THE back-bench revolt in the Commons over the level of the state pension -- increased by just 75p this month -- is more than an embarrassment for the government.

For, although its discomfiture is indeed heightened by this rebellion by some 41 Labour MPs -- among them Pendle's Gordon Prentice -- being one of the biggest since the party came to power, something else is signified by it.

This is that, once again, we hear an ominous rumble of discontent from the Labour heartlands over a government allegedly out of touch with the basic concerns of its traditional voters.

True, it only recently responded by turning on the spending tap for health, education and transport to assuage its growling core vote.

But this balm is too slow working to soothe the millions of older people on the basic pension who have looked to Labour for almost three years now to restore its link with earnings that the Tories cut in 1980.

With their increases being pegged instead to prices, they estimate that they are now £30 a week worse off.

Contrasted with that sum, their 75p rise this year -- and Labour's adherence to the Thatcherite formula that keeps it so low while all around they see today's workers and the country generally getting wealthier -- is regarded as an insult by the legions of poorer old people dependent solely on the state pension.

The extra winter heating allowance, free TV licences for the over 75s and the Minimum Income Guarantee campaign to increase the take-up of top-up benefits among the poorest old folk are regarded as but small sops when their demand is a "proper" pension. It is significant that the list of constituencies of the rebel MPs forms a near-perfect map of traditional Old Labour territory -- the less well-off regions and the inner-city areas where many former working folk have only the state pension on which to rely.

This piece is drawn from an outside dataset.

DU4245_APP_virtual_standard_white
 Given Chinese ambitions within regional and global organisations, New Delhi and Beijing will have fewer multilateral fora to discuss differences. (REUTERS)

It may be that their MPs are more in tune with their concerns than a leadership apparently obsessed by spin and the politically-correct values of new metropolitan socialists and are, quite rightly, reminding the government of them and where its core vote lies.

But, as the general election approaches, there is also an element of alarm among back-bench Labour MPs that many of the disaffected, grumbling grassroots may rebel against the party at the ballot box or stay away.

They also fear that committed Tory voters will turn out in strength or Liberal Democrat candidates will mop up the tactical votes of the discontented.

And with 50 Labour MPs looking at the dole if there is a swing of just four per cent against Labour, last night's rebellion was also an exercise in donning lifebelts as well as one that rammed home the pensioners' plea for more.